◆ PROBLEM
Your answer must consist of every line from the data below that includes the word "with".

◆ PROVIDED INFORMATION
• • • •

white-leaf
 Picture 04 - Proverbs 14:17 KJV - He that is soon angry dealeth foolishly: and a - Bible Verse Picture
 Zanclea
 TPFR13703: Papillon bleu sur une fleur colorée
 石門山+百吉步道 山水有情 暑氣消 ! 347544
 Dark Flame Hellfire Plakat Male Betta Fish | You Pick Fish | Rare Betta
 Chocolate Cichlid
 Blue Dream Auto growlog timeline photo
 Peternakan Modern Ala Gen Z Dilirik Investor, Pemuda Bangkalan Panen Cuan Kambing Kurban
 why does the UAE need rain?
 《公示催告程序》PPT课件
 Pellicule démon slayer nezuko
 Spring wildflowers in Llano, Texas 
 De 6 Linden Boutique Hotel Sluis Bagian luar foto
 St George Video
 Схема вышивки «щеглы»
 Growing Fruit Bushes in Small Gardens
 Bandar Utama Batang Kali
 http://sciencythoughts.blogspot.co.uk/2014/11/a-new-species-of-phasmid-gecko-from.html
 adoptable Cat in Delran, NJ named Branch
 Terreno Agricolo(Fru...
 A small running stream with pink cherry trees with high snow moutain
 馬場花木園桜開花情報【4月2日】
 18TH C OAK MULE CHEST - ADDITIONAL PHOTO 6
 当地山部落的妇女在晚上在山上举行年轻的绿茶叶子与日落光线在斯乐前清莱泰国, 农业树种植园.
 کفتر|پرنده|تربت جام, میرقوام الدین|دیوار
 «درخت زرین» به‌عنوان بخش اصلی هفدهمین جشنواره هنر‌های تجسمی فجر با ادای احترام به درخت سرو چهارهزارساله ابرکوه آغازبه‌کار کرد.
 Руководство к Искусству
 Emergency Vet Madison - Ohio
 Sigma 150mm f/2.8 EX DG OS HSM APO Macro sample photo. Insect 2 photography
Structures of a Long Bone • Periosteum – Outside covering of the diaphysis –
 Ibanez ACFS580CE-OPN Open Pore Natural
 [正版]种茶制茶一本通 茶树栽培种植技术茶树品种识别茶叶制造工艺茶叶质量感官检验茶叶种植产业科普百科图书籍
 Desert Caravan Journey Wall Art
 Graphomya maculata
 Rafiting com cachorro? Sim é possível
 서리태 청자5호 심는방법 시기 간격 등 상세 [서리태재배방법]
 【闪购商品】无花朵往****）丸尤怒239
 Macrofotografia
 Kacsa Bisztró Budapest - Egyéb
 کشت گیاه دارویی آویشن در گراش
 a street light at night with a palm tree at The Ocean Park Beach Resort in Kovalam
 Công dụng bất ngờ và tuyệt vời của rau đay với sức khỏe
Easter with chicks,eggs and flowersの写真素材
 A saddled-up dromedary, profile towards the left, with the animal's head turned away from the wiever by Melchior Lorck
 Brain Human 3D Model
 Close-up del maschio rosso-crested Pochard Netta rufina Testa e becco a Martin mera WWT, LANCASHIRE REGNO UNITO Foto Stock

• • • •

◆ RESULT OF THIS EXERCISE
 A small running stream with pink cherry trees with high snow moutain
 a street light at night with a palm tree at The Ocean Park Beach Resort in Kovalam
Easter with chicks,eggs and flowersの写真素材
 A saddled-up dromedary, profile towards the left, with the animal's head turned away from the wiever by Melchior Lorck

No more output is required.